══ RAW DATA ══

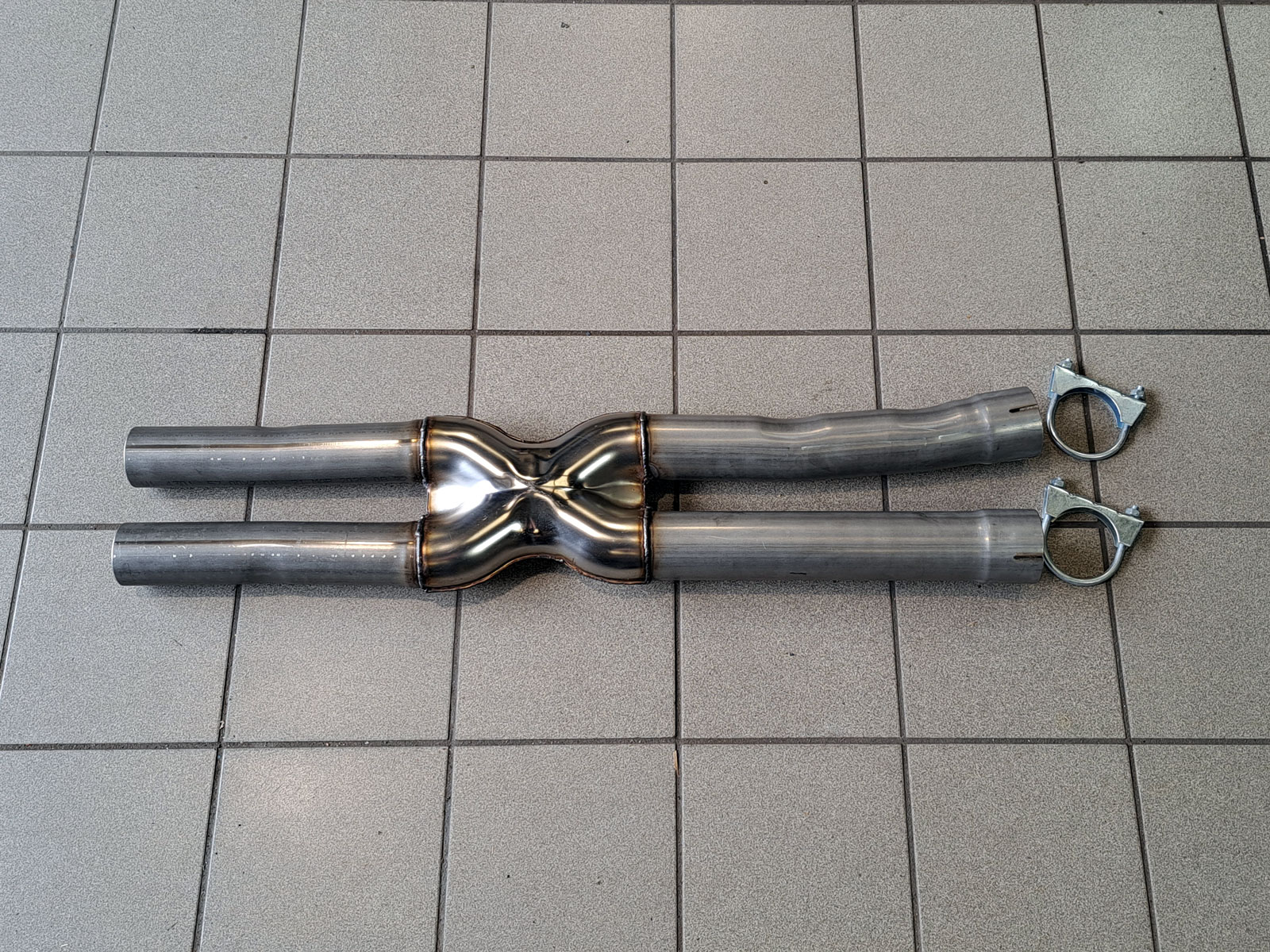 Ford Mustang 5.0 GT Resonator Delete X Pipe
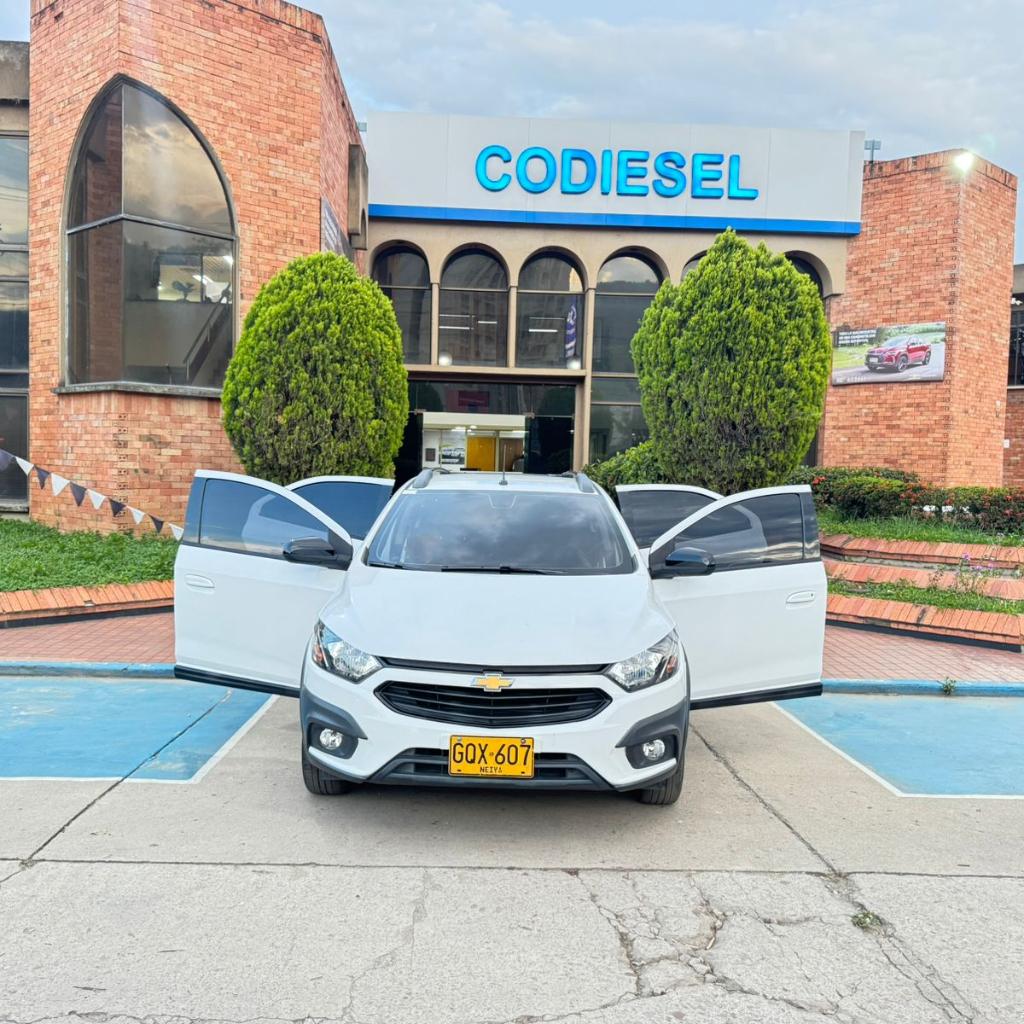 ONIX 1.4L ACTIV MT MCM 2020 GQX607_10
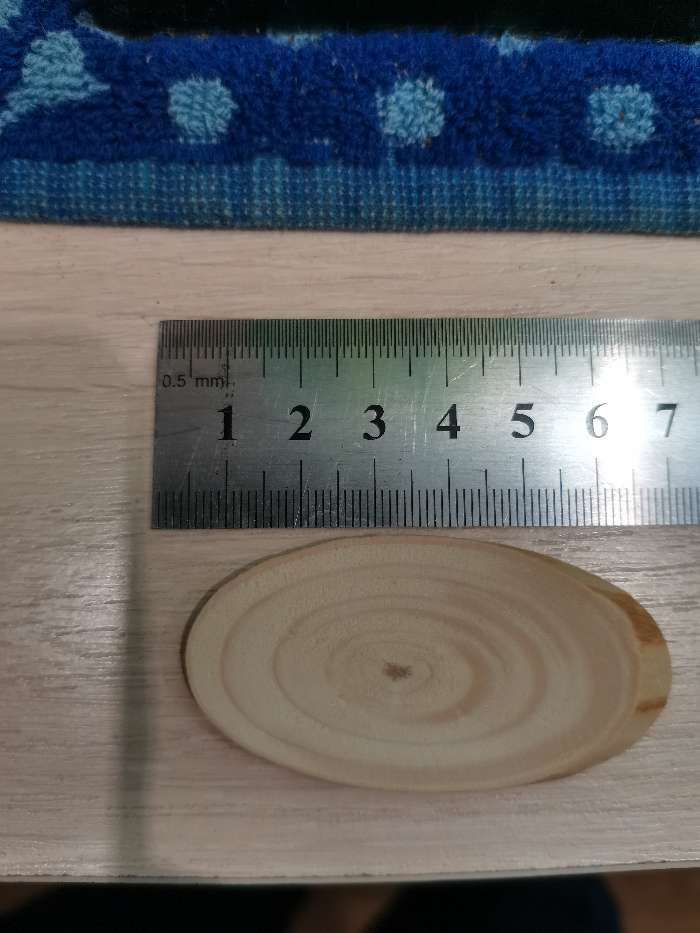 Фотография покупателя товара Спил дерева "Сосновый", овальный, d=3-4 см, h=3,5 мм - Фото 3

═══

▶ [HOW TO COMPLETE THIS TASK]: As you output the material, omit the pictures but alter nothing else.

▶ [TASK RESULT]:
 Ford Mustang 5.0 GT Resonator Delete X Pipe
 ONIX 1.4L ACTIV MT MCM 2020 GQX607_10
 Фотография покупателя товара Спил дерева "Сосновый", овальный, d=3-4 см, h=3,5 мм - Фото 3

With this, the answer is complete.